--- Dataset records Enclosed Below ---

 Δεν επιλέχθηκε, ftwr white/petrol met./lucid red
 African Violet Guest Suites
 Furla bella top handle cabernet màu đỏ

--- End of Enclosed Dataset records ---
--- Dataset records Enclosed Below ---

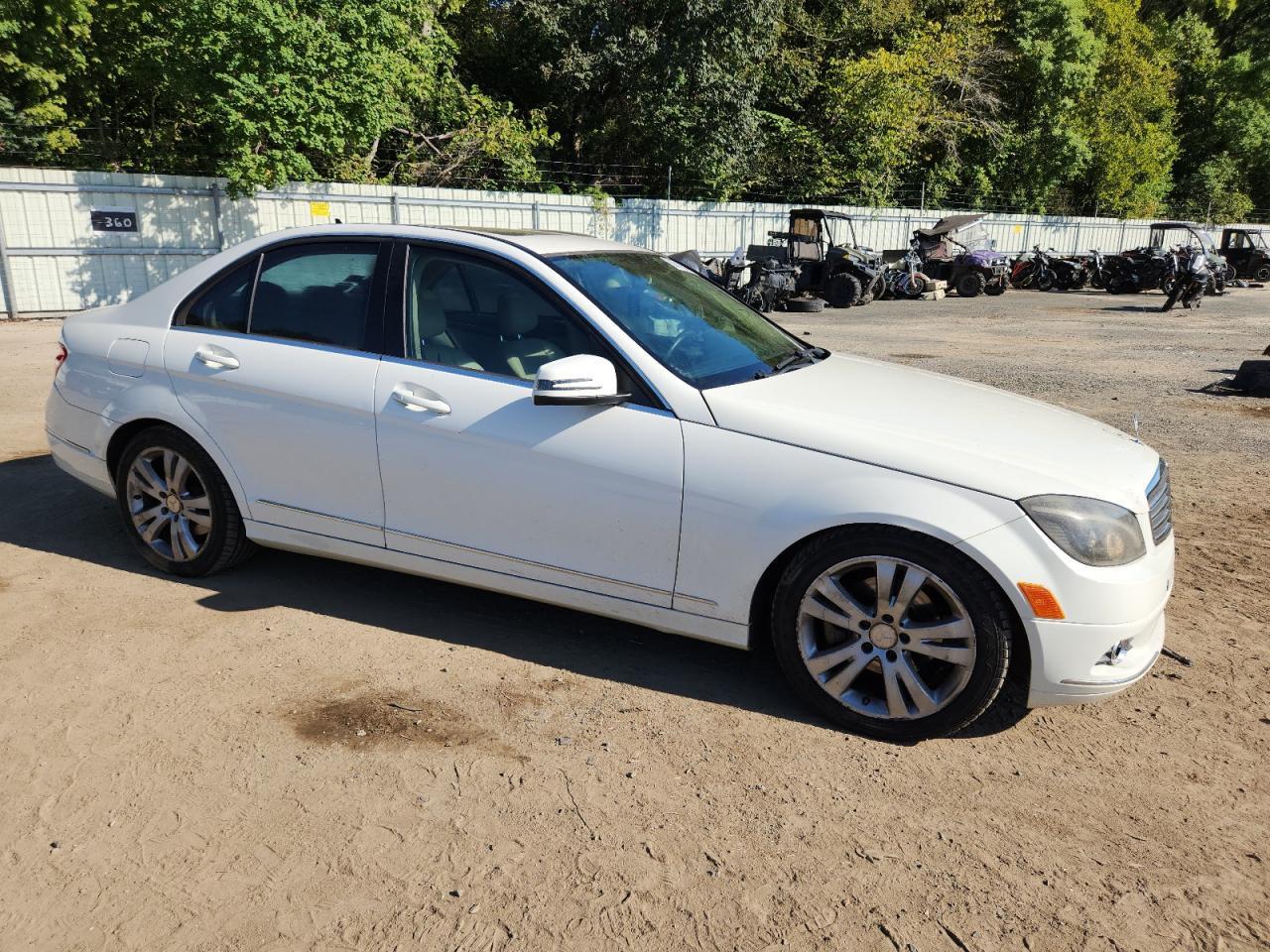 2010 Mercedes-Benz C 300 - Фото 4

--- End of Enclosed Dataset records ---

# Exercise prompt
All lines above from the one holding "African Violet Guest Suites" to the one holding "Furla bella top handle cabernet màu đỏ", inclusive, are to be copied exactly; no other line is wanted.

# Result of this task
 African Violet Guest Suites
 Furla bella top handle cabernet màu đỏ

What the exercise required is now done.